[11] In an effective article in McClure’s Magazine, Mr. Ray Stannard Baker showed how one of these big companies bribed walking delegates to declare strikes on buildings being put up by rival contractors in order that it—the briber—might be able to get a reputation for building within contract time, and thus exclude competitors from getting further contracts.
CHAPTER XXXIII
TAMMANY’S CONTROL UNDER LEADER MURPHY
1906-1909
When Mayor McClellan, in the campaign of 1905 promised an independent administration, Tammany leaders did not take his words seriously; they considered his promises mere campaign vapor. In this estimate they were mistaken. Mayor McClellan broke relations with Charles F. Murphy in January, 1906, and announced that he would keep every promise made by him “on the stump.” His appointment of anti-Murphy men to office had a nettling effect on the leader of Tammany Hall, against whom he began a systematic campaign.
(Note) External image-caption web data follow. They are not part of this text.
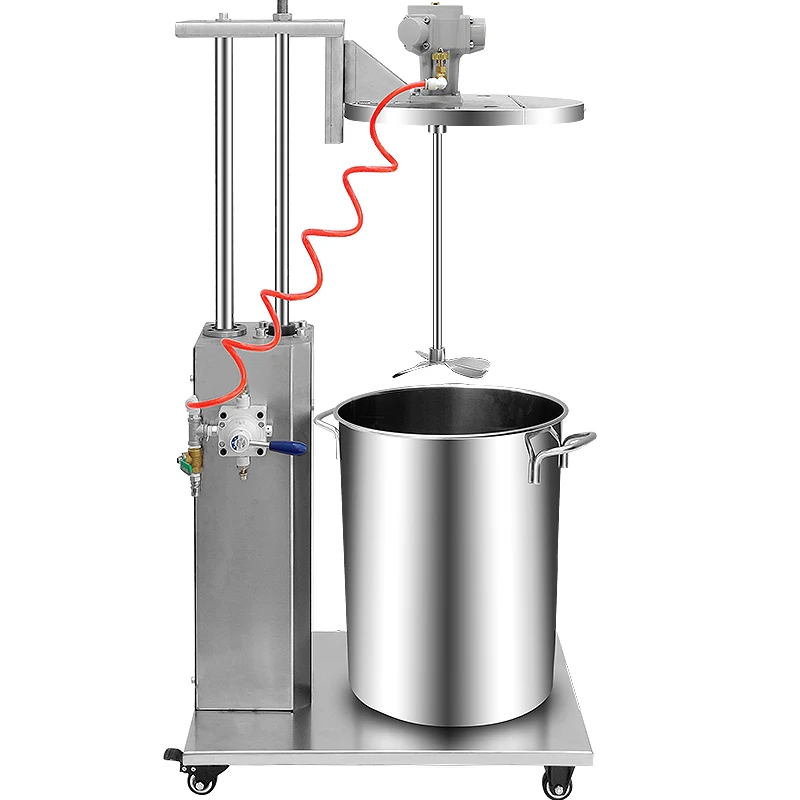 Automatic lifting stainless steel mixer disperse paint coating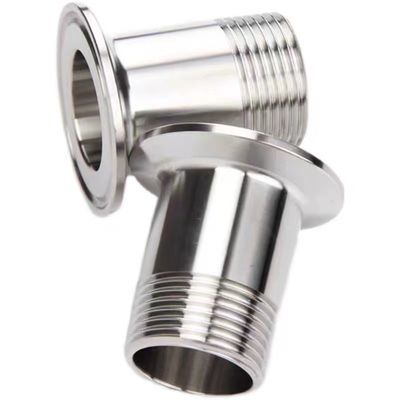 Pipe en argent 1/2" 3/4" BSP mâle NPT fil de ferrule type Tri pinceau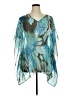 Chico's Teal Poncho Size Lg - XL - photo 1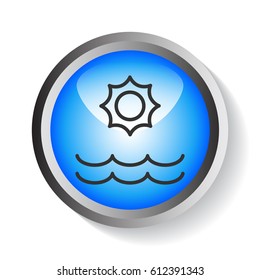  Sun icon flat.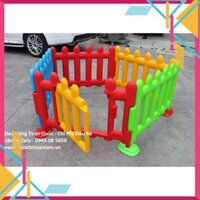 XÃ HÀNG -  Hàng rào nhựa mầm non - Hàng rào mầm non cho bé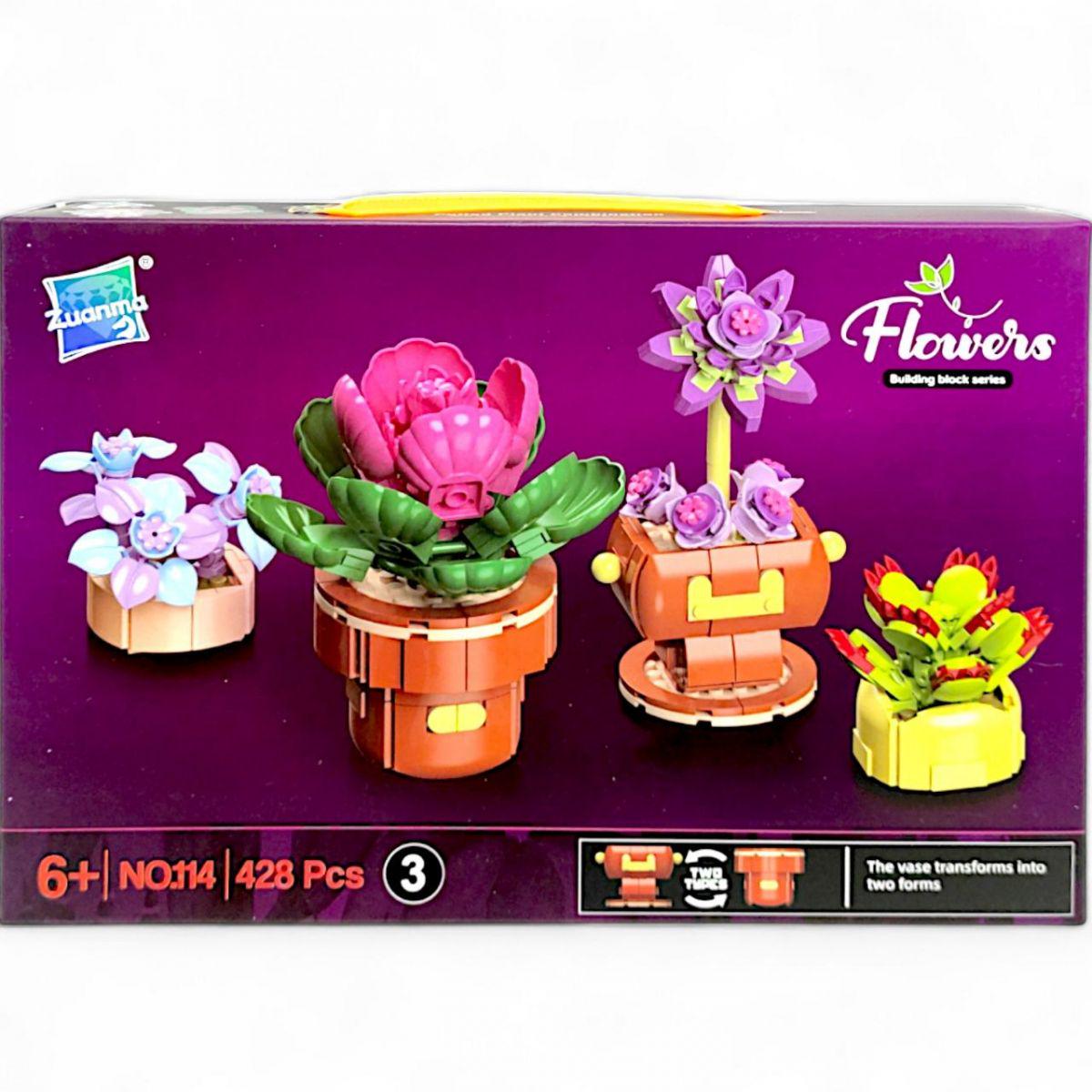 Конструктор Сукуленти 428 деталей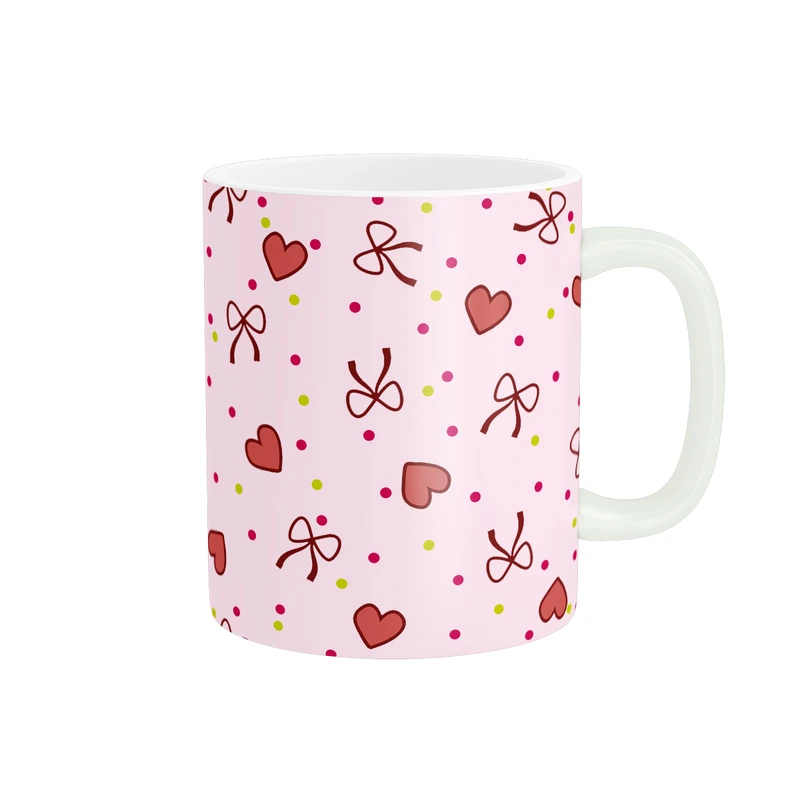 ماگ مدل مینیمال فانتزی پاپیون و قلب کد MD-F130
Results, still more serious to Tammany leaders, were forthcoming.
The President of the Borough of Manhattan was John A. Ahearn, a noted Tammany district leader. He had been a State Senator from 1889 to 1902, and had been elected president of the Borough of Manhattan in 1903, and reelected in 1905 for a term of four years. It may be explained that the presidency of a borough was a powerful office, having direct appointive and supervisory power over six departments with expenditures of many millions of dollars annually.[1]
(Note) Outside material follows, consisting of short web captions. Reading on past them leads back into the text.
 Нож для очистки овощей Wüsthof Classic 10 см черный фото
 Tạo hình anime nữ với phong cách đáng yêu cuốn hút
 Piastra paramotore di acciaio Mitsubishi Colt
Charges of misconduct were brought against Mr. Ahearn, in 1906, by the Bureau of City Betterment (later called the Bureau of Municipal Research). When Mr. Ahearn requested an investigation by the Commissioners of Accounts, Mayor McClellan accommodated his desire. The report of these commissioners, handed in to the Mayor, July 16, 1907, severely arraigned Ahearn’s administration, and after specifying particulars, the report denounced “the inefficiency, neglect, waste and corruption disclosed in the course of this inquiry.”[2]
The investigation showed that in the three years that Mr. Ahearn had occupied the office of borough president, he had control of an expenditure totaling $21,994,477. Of this amount it was shown that $1,608,762 was spent in the purchase of supplies without public tender being asked, as required by law. It was proved that many of the payrolls (amounting to an aggregate of $5,942,187) were padded with the names of men who never did a day’s work for the department. Even in the expenditures made under contract—expenditures totaling $14,447,473 in the three years—it was proved that little effort was made to compel contractors to observe their obligations. Fully a third of the total expenditure—the third amounting to $5,400,000—was lost to the city, it was asserted, by the manner in which the department was administered. There were still further losses to the city; and although, also, there was plenty of money at Mr. Ahearn’s disposal for the repairs of street pavements, that work, it was held, was considerably neglected. The evidence in the commissioners’ investigation and the evidence presented by the City Club in subsequent hearings ordered by Governor Hughes showed that supply contractors often made profits ranging from 100 to 200 per cent. (and in at least one case 300 to 500 per cent.) more than the regular prices prevailing in the open market.
Among other disclosures the testimony revealed that $144,500 had been paid out for asphalt “fire burns,” which in reality were not “fire burns” at all; they were defects that the asphalt companies were obliged to repair without charge. The favorite contractors were such Tammany district leaders as Bartholomew Dunn, Thomas J. Dunn and others.